Sleeping bag? You're spoiled. I forgot my dang blankets!


----------



## Karl Wolf (Apr 26, 2020)

Speaking of that cold, I was COLD last night going to sleep and even colder waking up. Went straight to that truck,started it and drove to McDonald's for a hot coffee. Got a chance to look at my face in the mirror. Wow... don't forget the sunscreen also in September, lol.

About to pack up and then fish a few more hours before I leave.

Lake looks beautiful with the steam and sunrise.


----------



## Macky (Mar 1, 2013)

Karl Wolf said:


> Finally got out today. Trolled around 12-18' deep for musky. Marked a ton of eyes/catfish holding that depth.
> Buddy with me got a 30" musky trolling.
> 
> Casted some bucktails in 10'.
> ...


Still looking for my first ski, I'm out that way most weekends but have only fished for Musky 2X from rental boats so hoping to put more effort in once I get my own boat.


----------



## Karl Wolf (Apr 26, 2020)

Currently went back to my personal favorite plug. It better get me one. Had a few of these and probably caught more musky on these than anything else.


----------



## johnboy111711 (Apr 7, 2004)

you need to fish the main lake side of the island and the tip of the point. should drop from 6ft to about 12. nice rocks there and usually a ski or two


----------



## Karl Wolf (Apr 26, 2020)

Beautiful day and I most deffo need to remember the lotion for the rest of my camping.
Struggling out here for that Pymatuning musky. Been putting in the work, looking forward to getting one in the net.


----------



## johnboy111711 (Apr 7, 2004)

edited:


----------



## Karl Wolf (Apr 26, 2020)

Pymatuning musky beat me.

Not a single one in the net.

Been a wonderful time out here and now off to get some alone vera. Need to heal a few days before I head down to salt fork. I think ima go half eyes,,half musky on that trip.


----------



## E Leigh (Jul 11, 2013)

This has been a fun read. Wish you had gotten one (or more) but really appreciate your taking us along for the ride. 


Sent from my iPhone using Tapatalk


----------



## Karl Wolf (Apr 26, 2020)

E Leigh said:


> This has been a fun read. Wish you had gotten one (or more) but really appreciate your taking us along for the ride.
> 
> 
> Sent from my iPhone using Tapatalk


Boat washed, Chinese food in route and now to nurse my aches and pains.
Musky casting over all these days and in the chop were me out..

Now to see if my boy bassknuckles wants to do a day trip to w.b. before I head to saltfork.


----------



## Karl Wolf (Apr 26, 2020)

johnboy111711 said:


> you need to fish the main lake side of the island and the tip of the point. should drop from 6ft to about 12. nice rocks there and usually a ski or two


Fished that hard. Casting bucktails in the weeds, shallow plugs along the edges and deeper cranks along the drop.

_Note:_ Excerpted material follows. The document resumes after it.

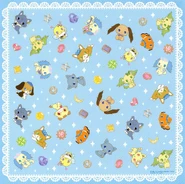 Illustration of Jewelpets for a scarf design.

Fished every angle there with every lure.

The only two follows I had were out of the weeds in about 4 ft. Maybe fish in the mid 30's.

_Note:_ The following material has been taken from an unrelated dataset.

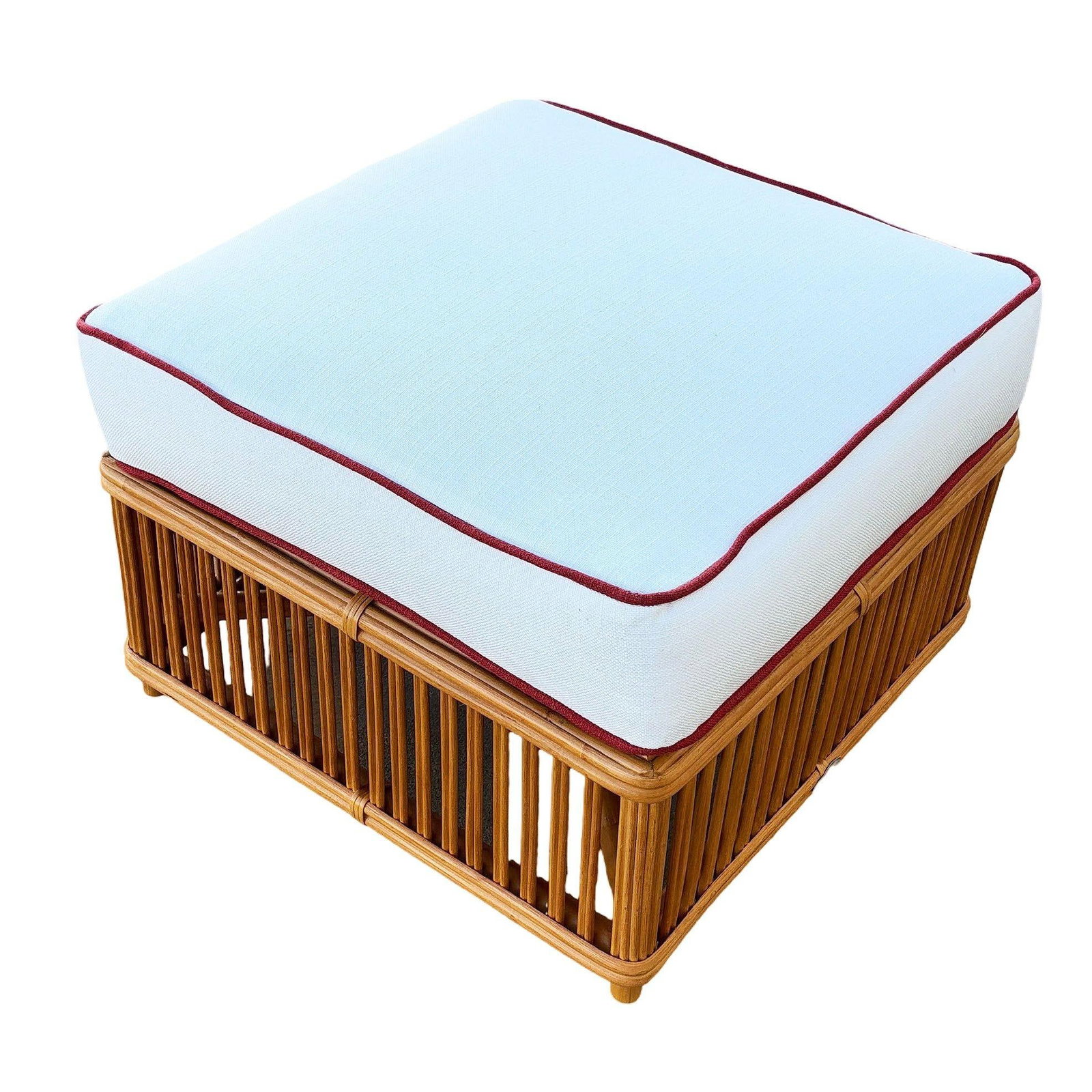 Art Deco Style "Presidents" Stick Reed Rattan Nantucket Ottoman Footstool - 2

The one solid musky hookup I had was trolling.


----------



## InlandKid (Aug 29, 2006)

Caught this hog on the north side of that island at dusk, 20" 4.25 lbs in 13fow. One more day of fishing tomorrow and hopefully find some walleye for dinner.


----------



## Karl Wolf (Apr 26, 2020)

InlandKid said:


> Caught this hog on the north side of that island at dusk, 20" 4.25 lbs in 13fow. One more day of fishing tomorrow and hopefully find some walleye for dinner.
> View attachment 375879


That's a fatty


----------